Of courage, bravery and discernment

| 18/02/2011 | 18 Comments

Hot on the heels of the departure from office of Egypt’s western backed dictator and oppressor of his people (a departure that can largely be attributed to the bravery and courage of ordinary Egyptians) the Swiss Government announced that it had frozen the assets of the Mubarak family held in its jurisdiction.

As the Egyptian people (and the Tunisians and the peoples of all the other nations ruled by corrupt despotic leaders poised to follow a similar course) begin the search in earnest for the wealth of their respective nations, wealth that has been illegitimately spirited away by the corrupt ruling families and their sycophants, the gaze will inevitably turn on jurisdictions such as the Cayman Islands.

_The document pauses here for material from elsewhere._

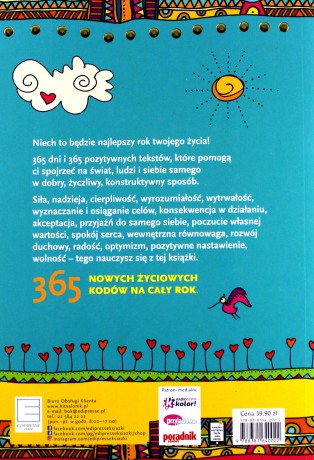 Księga dobrych myśli - Beata Pawlikowska [KSIĄŻKA]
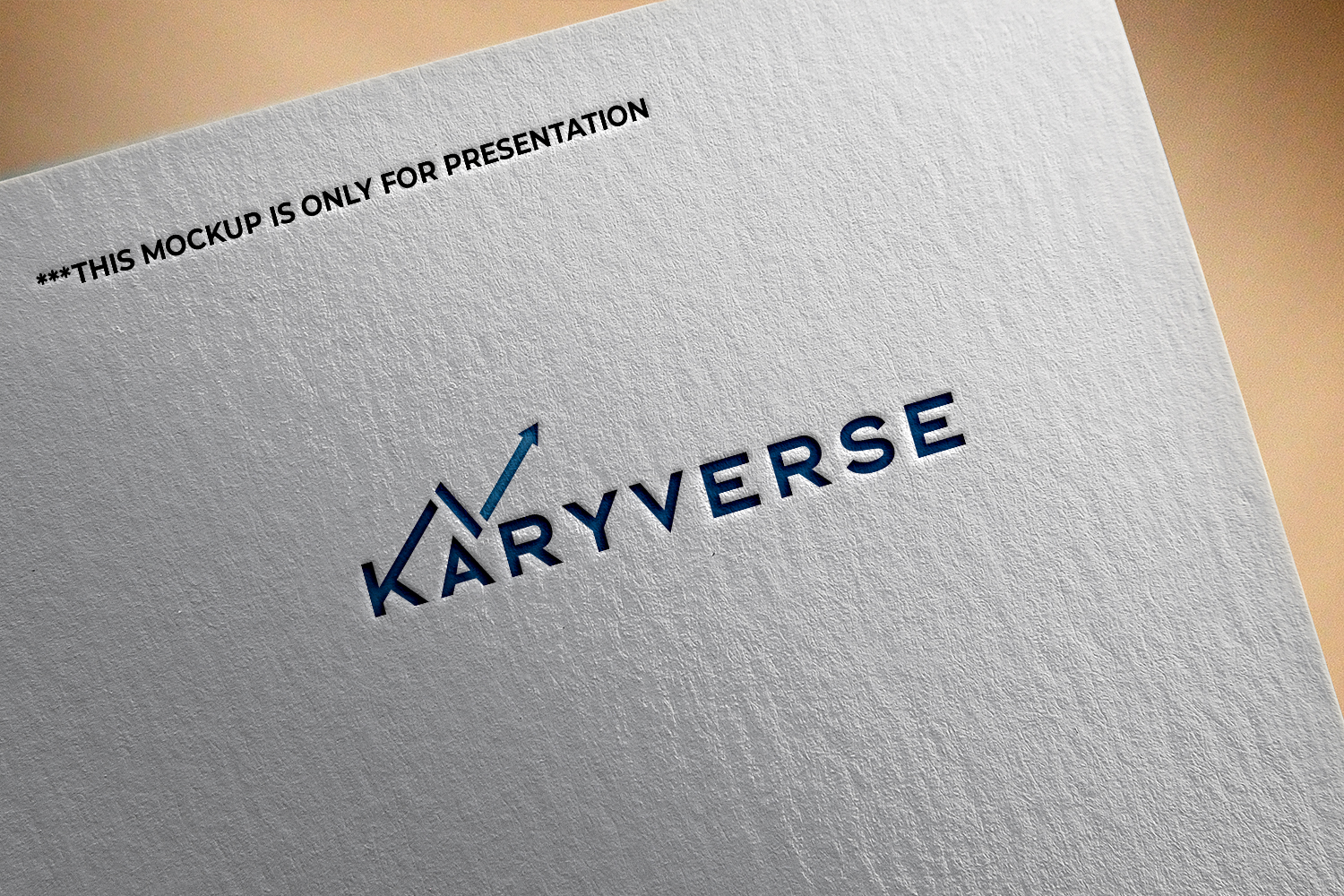 Logo Design by Widi Nalendra for KARYVERSE | Design #34243133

Truthfully the focus should, in the main, be directed on the City of London, Wall Street and their masters. It is those locales and the select band of the new global elite that inhabit and control them who are the primary beneficiaries of the pillage of the wealth of underdeveloped nations.

However, jurisdictions such as the Cayman Islands, purveyors of the vehicles (trusts, secretive hedge funds, offshore companies) that would have been at the centre of the process of facilitation of the export of the wealth that rightfully should have been utilized in the improvement of the quality of life of sad and destitute citizens, can hardly expect to escape the spotlight.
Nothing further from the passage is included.